A bipartisan group of senators introduced legislation this week to set the ailing U.S. Postal Service (USPS) on better financial footing and restore long-term reliable service across the country.

The bill, introduced by Sens. Gary Peters (D-MI) and Rob Portman (R-OH), would relieve the USPS of $5 billion a year in mandatory retiree health-care expenses and enroll future Postal Service retirees in Medicare.
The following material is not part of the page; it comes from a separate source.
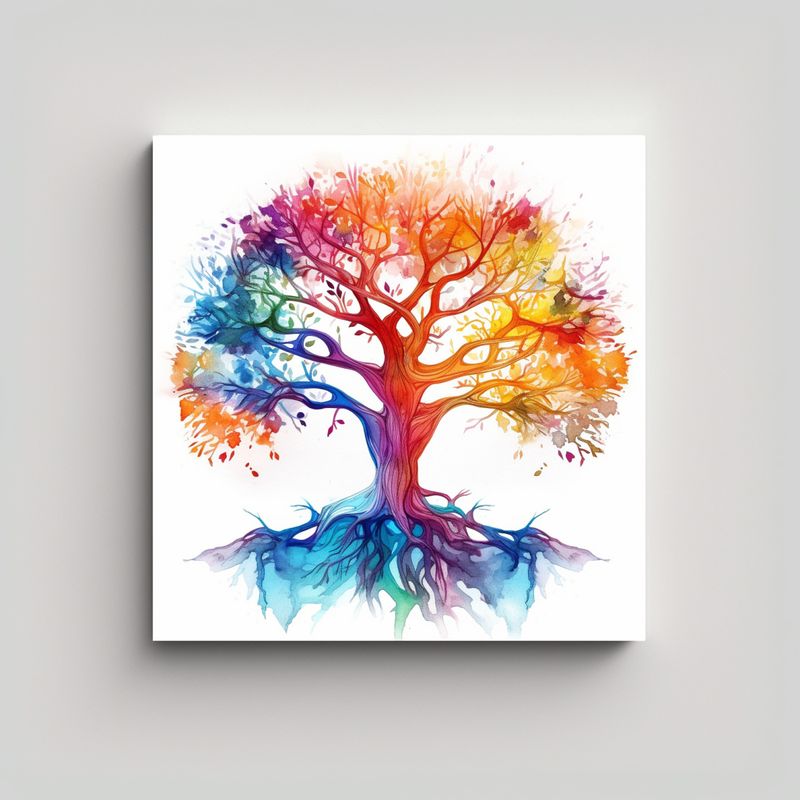 GENERICO - Arte De Pared Hermoso Cuadro Acuarela Árbol 60x60 Cm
According to Peters and Portman, these two reforms alone would save the Postal Service nearly $46 billion over the next decade.

“For decades, the Postal Service has struggled to overcome unfair and burdensome financial requirements that risk its ability to continue providing reliable service in the long run,” Peters said. “This commonsense, bipartisan legislation would help put the Postal Service on a sustainable financial footing, ensure it is more transparent and accountable to the American people, and support hardworking postal workers who deliver rain or shine to communities all across the country.”

The bill would also require USPS to maintain its six-days-a-week delivery standard and improve transparency of Postal Service performance by requiring weekly service data to be published on the USPS website, and issuing a detailed report to Congress on Postal Service finances and operations every six months.

The Postal Service Reform Act of 2021 is identical to legislation that has advanced in the House. The Senate bill already has nine Republican co-sponsors in addition to Portman, which means it could survive a potential filibuster if the Senate’s 50 Democrats also support the bill.

“While its role in American life has changed over the years, the United States Postal Service remains a key part of American life, serving Americans through its delivery of vital medicines, important packages and other mail,” Portman said. “For that reason, I am proud to join Senator Peters in introducing the Postal Service Reform Act of 2021, which will, when coupled with the Postal Service’s transformative 10-year plan, help turn around the substantial losses at the Postal Service over the last decade and ensure self-sustaining, high-quality postal service for all Americans.”